Juventud Rebelde - Diario de la Juventud Cubana

Hacerse de otros mundos...

Autor:

Ana María Domínguez Cruz

Yo sí vi ballenas blancas y desenterré tesoros, sí correteé por la Luna y escuché las sirenas y, lo mejor de todo es que lo sigo haciendo. El escritor español Benjamín Prado no puede incluirme en el bando de los hombres vacíos, como él llama a aquellos que nunca han abierto un libro y que por eso viven en un mundo triste, oscuro y estrecho.

Leí su pensamiento días atrás y al momento mis ideas revolotearon y los recuerdos de mi infancia, no tan lejana aún, se abrieron paso ante mí, con colores y formas caprichosas en las que los libros emergían una y otra vez. Y lo otro también, la mirada lastimosa que se esbozó en mi rostro, inconscientemente, porque me cuesta creer que en el «paquete genético» de muchos de los niños y jóvenes de esta época, la lectura sea una de sus últimas opciones.

Claro, tengo mis razones.

Yo fui una niña que entró al mundo escolar un año antes que el resto de sus compañeritos y que tuvo una profesora de cuento de hadas. Ella me enseñó a leer rápidamente aunque a pesar de sus esfuerzos no logró que yo lo hiciera en voz alta, incapacidad que perdura en mí hasta hoy.

También tuve la buena suerte de que mi papá creciera entre tratados de medicina, enciclopedias de distintas editoriales, novelas, poemarios, obras teatrales, y todo cuanto mi abuelo devoraba y guardaba celosamente en su casa. Él aprendió a cuidar los libros, a no recortarlos, a forrarlos y a no doblar las puntas de sus páginas, porque en cada uno descubrió infinitas puertas al conocimiento, a la imaginación, al disfrute pleno. Él me lo inyectó, me inoculó ese amor por estos simples objetos que en muchas casas solo están destinados a coger polvo.

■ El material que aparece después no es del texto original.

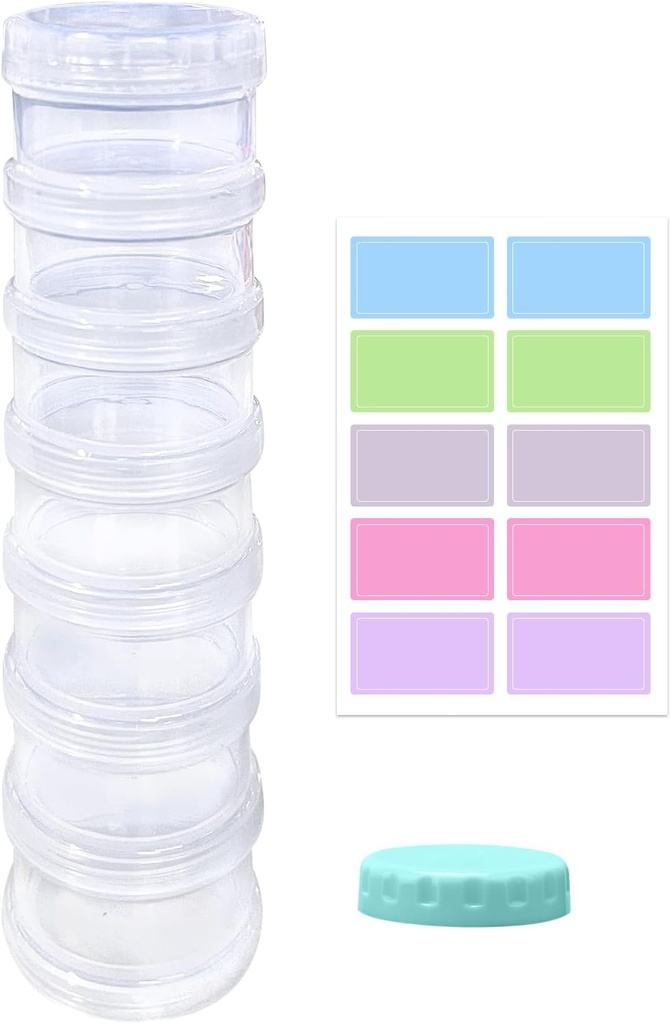 7 Dag pil Organisator Case Stapelbare Wekelijkse Supplementen Vitaminen pillen houder Dispenser Groot helder Transparant met Extra Lid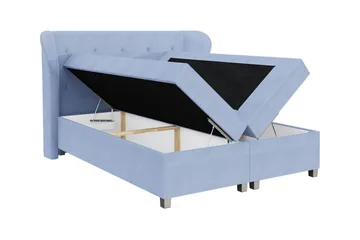 Naurstad kontinentalseng 120x200 - Lysegrå - Møbler - Senger - Kontinentalsenger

Y como carezco de la capacidad de leer con la vista y en silencio como nos pedían en clases o en bibliotecas, me convertí en una «lectora de tabaquería» frente al ventilador, para que mi voz vibrara y sonara justo como cuando se usa un micrófono. Así devoré no solo Oros Viejos, Había una vez, La Edad de Oro, El Panda Gigante, Mochito y otros libros acordes con mi edad, sino que en la búsqueda incesante de más y más para leer, encontré El Avaro, de Moliere, y otras obras de teatro que me permitieron en aquel entonces hacer una lectura dramatizada de verdad. Luego, no ha habido una noche en la que no dedique un rato antes de dormir a la lectura, según las exigencias de cada etapa de mi vida, sobre todo porque durante el día siempre parece que el tiempo no alcanza.

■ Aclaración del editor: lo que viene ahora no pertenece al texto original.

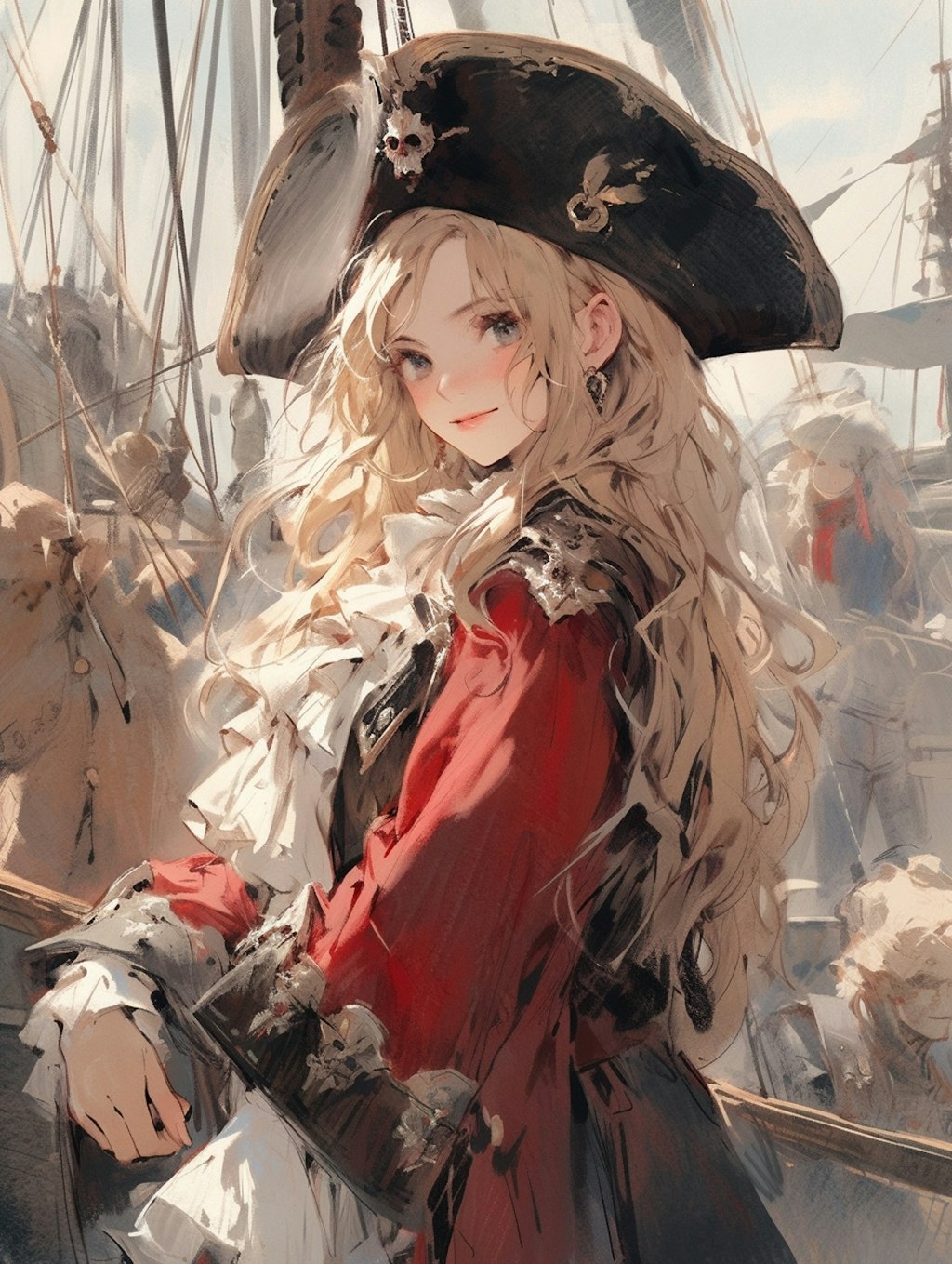 海賊娘。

No me detendré en mencionar cuanto haya leído hasta hoy —que me dejo seducir por Margarita Mateo con su Desde los blancos manicomios—, ni mi intransigencia a la hora de negar el préstamo de algún libro que, se sabe, casi nunca retorna, ni mi cruzada en las Ferias del Libro en busca de nuevas propuestas literarias, en vez de gastronómicas. Menos ahora que, con mayor rigor profesional, se suman a las obras de ficción muchas revistas, ensayos, artículos y todo cuanto necesite y me seduzca leer.

Tal vez por ello quedé atónita cuando un adolescente de noveno grado me confesó no haber leído El Conde de Montecristo, El Corsario Negro, Colmillo Blanco y otros tantos títulos de aventuras que, para su edad, ya debían estar guardados en su memoria. Prefiero las películas que me cuenten esas historias, me dijo.

Preferí callar y entonces no preguntarle por el Diario de Ana Frank, El Tábano o Bertillón 166, aunque esta última sea una de las obras incluidas en el plan de estudio correspondiente a su grado, porque estaba claro que, ni siendo obligatoria su lectura, se dejaría seducir al parecer por un «montón de páginas».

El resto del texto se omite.